[Records from a data collection]
- Opening Delimiter -
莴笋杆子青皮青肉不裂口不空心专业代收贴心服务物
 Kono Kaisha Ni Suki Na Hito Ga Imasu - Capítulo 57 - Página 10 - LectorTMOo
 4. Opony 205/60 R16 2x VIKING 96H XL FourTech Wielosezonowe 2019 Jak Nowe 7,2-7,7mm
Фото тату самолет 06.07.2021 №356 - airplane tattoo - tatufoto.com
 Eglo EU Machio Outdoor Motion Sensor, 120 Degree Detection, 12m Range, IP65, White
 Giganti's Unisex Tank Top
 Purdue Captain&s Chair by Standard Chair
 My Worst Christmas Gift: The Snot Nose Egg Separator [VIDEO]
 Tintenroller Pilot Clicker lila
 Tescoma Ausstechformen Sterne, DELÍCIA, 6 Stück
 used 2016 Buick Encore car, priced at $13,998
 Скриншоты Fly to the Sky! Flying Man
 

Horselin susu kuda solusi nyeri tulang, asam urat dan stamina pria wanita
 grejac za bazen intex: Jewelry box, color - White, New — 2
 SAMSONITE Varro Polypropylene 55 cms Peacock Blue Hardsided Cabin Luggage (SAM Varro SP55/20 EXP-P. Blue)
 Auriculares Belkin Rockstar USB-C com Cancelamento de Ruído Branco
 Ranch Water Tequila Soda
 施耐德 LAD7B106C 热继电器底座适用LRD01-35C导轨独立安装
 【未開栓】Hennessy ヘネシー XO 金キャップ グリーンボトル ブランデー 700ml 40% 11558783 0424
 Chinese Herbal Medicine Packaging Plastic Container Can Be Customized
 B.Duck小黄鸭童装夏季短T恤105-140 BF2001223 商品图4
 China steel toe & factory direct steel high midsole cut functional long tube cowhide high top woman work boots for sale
- Closing Delimiter -
Task details: The records above are to be given again in full, exactly.

Response area:
莴笋杆子青皮青肉不裂口不空心专业代收贴心服务物
 Kono Kaisha Ni Suki Na Hito Ga Imasu - Capítulo 57 - Página 10 - LectorTMOo
 4. Opony 205/60 R16 2x VIKING 96H XL FourTech Wielosezonowe 2019 Jak Nowe 7,2-7,7mm
Фото тату самолет 06.07.2021 №356 - airplane tattoo - tatufoto.com
 Eglo EU Machio Outdoor Motion Sensor, 120 Degree Detection, 12m Range, IP65, White
 Giganti's Unisex Tank Top
 Purdue Captain&s Chair by Standard Chair
 My Worst Christmas Gift: The Snot Nose Egg Separator [VIDEO]
 Tintenroller Pilot Clicker lila
 Tescoma Ausstechformen Sterne, DELÍCIA, 6 Stück
 used 2016 Buick Encore car, priced at $13,998
 Скриншоты Fly to the Sky! Flying Man
 

Horselin susu kuda solusi nyeri tulang, asam urat dan stamina pria wanita
 grejac za bazen intex: Jewelry box, color - White, New — 2
 SAMSONITE Varro Polypropylene 55 cms Peacock Blue Hardsided Cabin Luggage (SAM Varro SP55/20 EXP-P. Blue)
 Auriculares Belkin Rockstar USB-C com Cancelamento de Ruído Branco
 Ranch Water Tequila Soda
 施耐德 LAD7B106C 热继电器底座适用LRD01-35C导轨独立安装
 【未開栓】Hennessy ヘネシー XO 金キャップ グリーンボトル ブランデー 700ml 40% 11558783 0424
 Chinese Herbal Medicine Packaging Plastic Container Can Be Customized
 B.Duck小黄鸭童装夏季短T恤105-140 BF2001223 商品图4
 China steel toe & factory direct steel high midsole cut functional long tube cowhide high top woman work boots for sale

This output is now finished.